冒頭、「春」の章を開くと、一本道の真ん中で桜の枝を抱えて立つ、イガグリ頭で満面笑顔の少年がいる。強く印象的な縦位置のポートレイトである。続いて横位置で写された、横に広がる白い一本道の写真へと変わり、さらにページをめくると向こうからボールを手にした制服姿の少女がしだいに近づいてくる。その縦と横、さらに奥行きをもったイメージの連なりはじつに映像的だ。後に続く写真も近在の子どもたちを呼び止めて撮られている。その単純化された画面はまさに「植田調」だ。
とはいえ、前回に紹介した「パパとママと子どもたち」、「砂丘群像」「妻のいる砂丘風景」などとは、雰囲気がかなり違う。まずロケーションが、砂丘や砂浜という無機質で抽象度の高い場所ではなく、具体的な土地の個性がみえる場所を選んでいる。しかも画角を広くとることによって、撮影地の特徴が描写され、風景写真的な性格へと変わっている。得意とする演出の効果もかなり抑制的で、記念写真のように見える。
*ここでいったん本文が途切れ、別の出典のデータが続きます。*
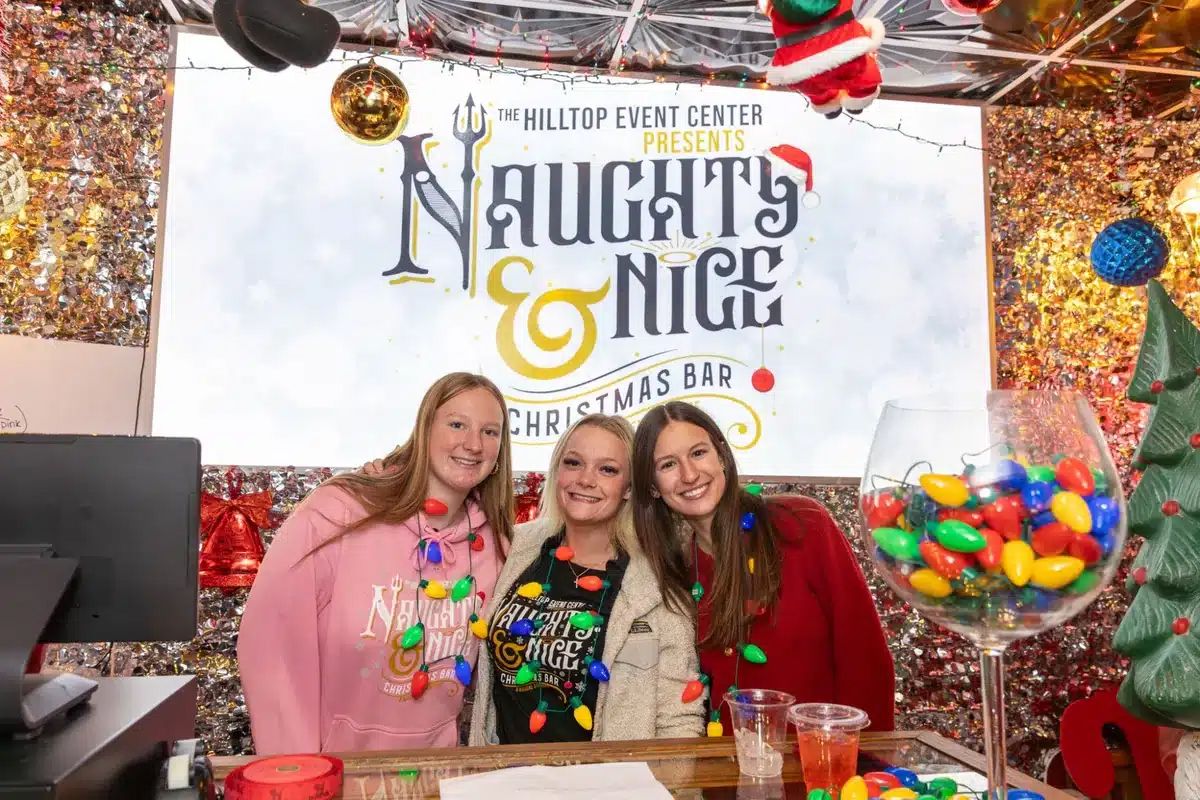 Naughty and Nice team members at the Christmas bar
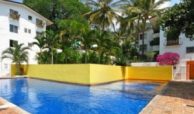Common swimming pool and condo buildings with green gardens in Loma del Mar, Puerto Vallarta condos for sale.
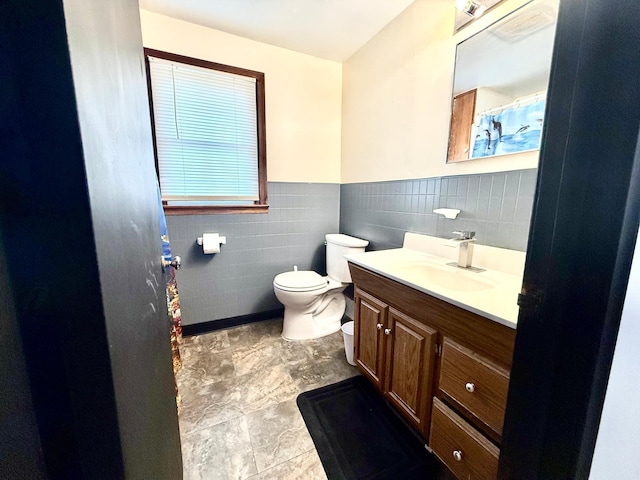 1402 Kirkwood Ave, Albert Lea, MN 56007 - bathroom featuring toilet, vanity, tile walls, wainscoting, and a shower with shower curtain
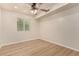 Bright bedroom with light wood floors and a ceiling fan at 6325 E Monte Cristo Ave, Scottsdale, AZ 85254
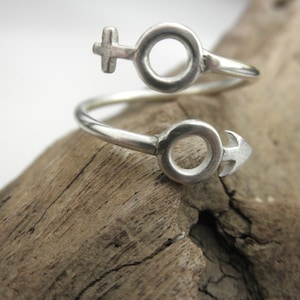 May include: A silver ring with a twisted design featuring the male and female symbols.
そんな人物が風景の中に小さく配置されているのに、以前の作品よりも被写体の個性や実在感があるのは不思議なことだ。プリントでもモノクロームの陰影が濃くなっていて、よく見ると影のなかにさらに深い影がある。その焼き込み具合は、山陰地方の静かな空気感をよく伝えている。
『童暦』に見られるこのような変化は、自分をはぐくんできた土地の風土性を表現しようとする志向の表れである。だとすれば、植田はどのようにこの地点に至ったのだろう。それを知るには、1950年代から60年代の写真界の潮流を見なければならない。
ひとつには土門拳が「絶対非演出の絶対スナップ」を唱えた、1950年代のアマチュア写真界を席巻したリアリズム写真運動の影響がある。土門は絵づくりのための演出を否定し、戦後の日本の現状を表現するために、人間のリアルさとストレートに向き合うように呼びかけた。演出写真で知られた植田はその主張にショックを受け、あらためて写真にとっての「リアル」さについて考えることを余儀なくされていた。そして思い至ったのが、カメラを向けた時の、被写体の素直な反応を捉えることが写真的なリアルさだというものであった。植田は、カメラを向けると写される方は必ずカメラを意識する、それこそが写真という表現のリアリズムではないかと考えたのだ。それは地元で営業写真館を営んできた経験から得た、回答だった。確かに植田のカメラは、その前に立った子どものはにかみや緊張までのリアルな反応をすくい取っているのだ。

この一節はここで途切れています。